Access to family planning is improving, but gaps persist. 38% of currently married women use modern contraceptives, compared to 43% of sexually active unmarried women (UBOS & ICF, 2023).
Micro-Entrepreneurship & Economic Inclusion
Women play a central role in Uganda’s business landscape. One in three businesses is women-owned, yet they capture just 1% of government contracts (World Bank, 2022). Micro, small, and medium enterprises (MSMEs) are vital, creating over 50% of formal jobs and sustaining 3.1 million household enterprises—a critical livelihood path for AGYW in Busoga (Uganda MSME Policy Review, 2020).
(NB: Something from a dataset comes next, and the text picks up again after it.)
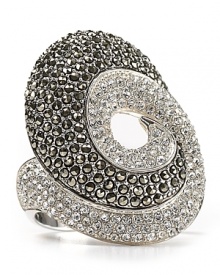 Judith Jack subtly evokes sandy seashells and crashing waves with this crystal-encrusted ring. Slip it on to add an inspired touch to any outfit.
Climate & Health Pressures in Busoga
Uganda faces increasingly frequent floods and droughts, with the Lake Kyoga basin—which covers districts like Kamuli and Buyende in Busoga—experiencing rising temperatures and heavier rainfall (World Bank Climate Change Knowledge Portal, 2023; Nabugoomu et al., 2022). These shocks undermine agriculture, nutrition, and income opportunities for young women.
Energy poverty deepens the problem. 87% of Uganda’s energy consumption relies on wood and charcoal, yet only 1% of households use clean cooking solutions and 0.5% use LPG (IEA, 2022; Ministry of Energy, 2023). This exposes women and girls to indoor air pollution and forces them to spend hours collecting firewood—time that could be invested in education or enterprise.
What This Means for Busoga’s AGYW
Adolescent girls and young women in Busoga sit at the crossroads of multiple challenges: teen pregnancy, HIV, gender-based violence, climate shocks, and energy poverty. These overlapping vulnerabilities reduce their chances of staying in school, threaten their health, and limit opportunities for entrepreneurship.
But there are solutions. Expanding school-based sexual and reproductive health programs, scaling HIV prevention tailored for AGYW, investing in women-led MSMEs, and promoting clean cooking and climate-smart livelihoods can create a future where Busoga’s young women not only survive but thrive.